Blak Whyte Gray

From the first tentative move of the opening piece to the concluding strut of the third and final dance, it is clear Boy Blue are an exceptionally talented company.

This reprise of their 2017 triptych for the Norfolk and Norwich Festival features eight dancers at the top of their art.

Whyte is a disturbing dystopian vision: two figures branded with a projected barcode, wearing tops resembling straitjackets, and twitching through jerky, awkward movements like possessed action toys or short-circuiting robots. The totality of the performance is entrancing, and that is with one dancer down from the original production’s three marionettes.

Second piece Gray is more energetic, evoking guerrilla warfare. The starkly literal miming of rifle loading and grenade throwing play sits awkwardly with the more lyrical and suggestive choreography of the rest of the piece but the company dazzle with a complex and audacious portrayal of kinship and rivalry.

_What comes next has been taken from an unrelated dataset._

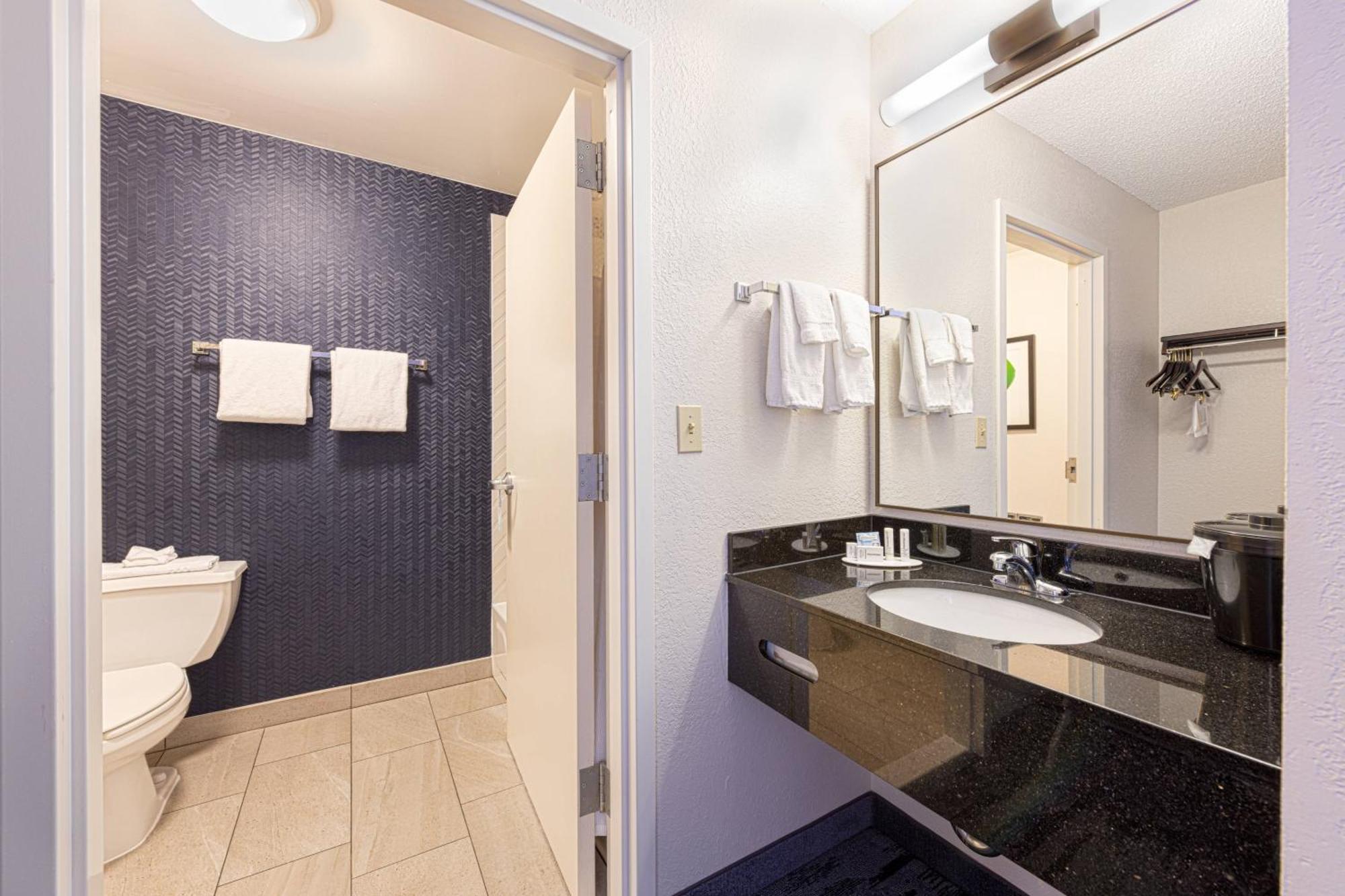 Fairfield Inn & Suites By Marriott Chicago Naperville Buitenkant foto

Blak is the final piece of this triple bill. It is strongest in its earlier movement; the silent interval as a vulnerable central figure struggles to stay upright, shorn of the violent and aggressive soundtrack that successfully punctuates the rest of the evening is perhaps the most startling.

There’s a surfeit of ideas here – red drapes, hanging masks, and dayglo make up feel unnecessary against the purity and strength of the dance – but the technical supremacy and astounding energy of the performers ensures the audience is left in awe, and on its feet.